Rimanda a suggestioni cinematografiche nel dipinto della donna che dorme di spalle, come ricorda la citazione di Mr. Okuyama “Civilization demands light, even at night”, personaggio senza volto a causa di un incidente nel film del 1966 di Hiroshi Teshigahara Il volto di un altro. Dal volto mascherato dalle bende del protagonista agli uomini mascherati nella scena rituale posta sotto il lucernario della galleria, con la scritta “many worlds interpretation”, che evoca la tesi sostenuta del fisico Hugh Everett III nel 1957 sulla possibilità di un multiverso, nella meccanica quantistica.

Quelli di D’Eugenio appaiono come mondi possibili filtrati attraverso il suo sguardo, estrapolati da una realtà alterata che si insinuano nella mente dello spettatore.
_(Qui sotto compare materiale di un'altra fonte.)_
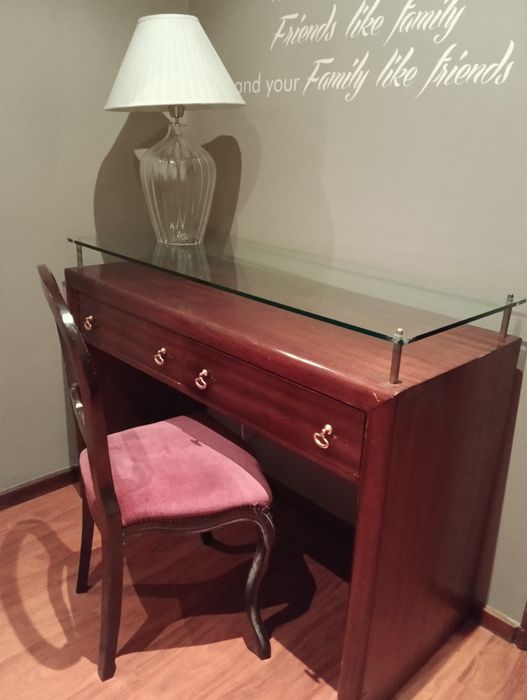 URGENTE - Móvel de madeira  cerejeira com 2 gavetas + cadeira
Tra indizi, dettagli e riferimenti a una cultura alta, ma anche alla quotidianità, come nell’uomo-uccello seduto su una poltrona in una stanza, piuttosto che nel dipinto che riprende la pagina di un giornale che mostra ricami fatti a punto croce sulla classica tela aida, o ancora nella coppia sul divano “spiata” da una videocamera di sorveglianza.
Il pubblico non guarda solo le opere, ma assiste all’osservazione del mondo con i suoi gli occhi attraverso prospettive che costruiscono il suo immaginario e la sua realtà. Una realtà che si costituisce all’interno di uno spazio di pochi metri condiviso con i genitori da cui non esce e non entra quasi nessuno. Roberto Cuoghi curatore della mostra e l’amico di sempre Oppy de Bernardo, sono riusciti a superare quel confine in virtù di un rapporto di amicizia e conoscenza che deriva dai tempi dell’Accademia di Brera. Si ha traccia della sua presenza in una mostra collettiva del 2013 cui ha partecipato insieme a colleghi come Riccardo Arena, Giorgio Andreatta Calò, Chiara Fumai, Paola Pivi, e altri ancora intitolata Arimortis, nella Sala Archivi “Ettore e Claudia Gian Ferrari” al Museo del Novecento con DOCVA (Documentation Center for Visual Arts). Per quell’occasione aveva presentato un‘opera con un carro di legno e una bambola in carta pesta vestita a lutto, con le labbra rosse e il capello con la veletta nera.

Luigi D’Eugenio sceglie di allontanarsi dalla comunità per come la conosciamo, con i suoi rituali collettivi, le sue convenzioni, le sue strutture relazionali, per condurre una vita più ritirata lontano dalla socialità e consacrata a una dimensione più umana, verrebbe da dire. Una dimensione in cui l’artista guarda il mondo senza offrirsi allo sguardo degli altri se non attraverso le sue tele. Senza fornire spiegazioni, indicazioni o dichiarazioni di intenti artistici, ma anzi eludendo e sfuggendo da ogni forma di potenziale autorialità per consegnarsi (previa opera di convincimento di Cuoghi e de Bernardo) al pubblico, pur con una certa riluttanza nei confronti di ogni forma mercificazione artistica.
Si tratta di una mostra in cui non si acquista nulla e non si vende niente. Resta solo la pittura di un’artista senza volto ma per scelta, a differenza del film di Teshigahara, che si mantiene distante da qualsivoglia spettacolarizzazione del sé, e dal flusso della (sovra)esposizione tecnologica e mediatica.
Nel film Mr. Okuyama afferma “But a man without a face is free only when darkness rules the world”, e forse allo stesso modo nella scelta radicale (ma meno isolata di ciò che si possa pensare) di Luigi D’Eugenio si realizza quel senso di libertà e di liberazione dalle maschere imposte dalla società con tutte le sue storture. L’uomo è convenzionalmente abituato a classificare ciò che appare non comune come strano, ma forse a guardare bene quello che accade nel nostro mondo, quelli strani siamo noi.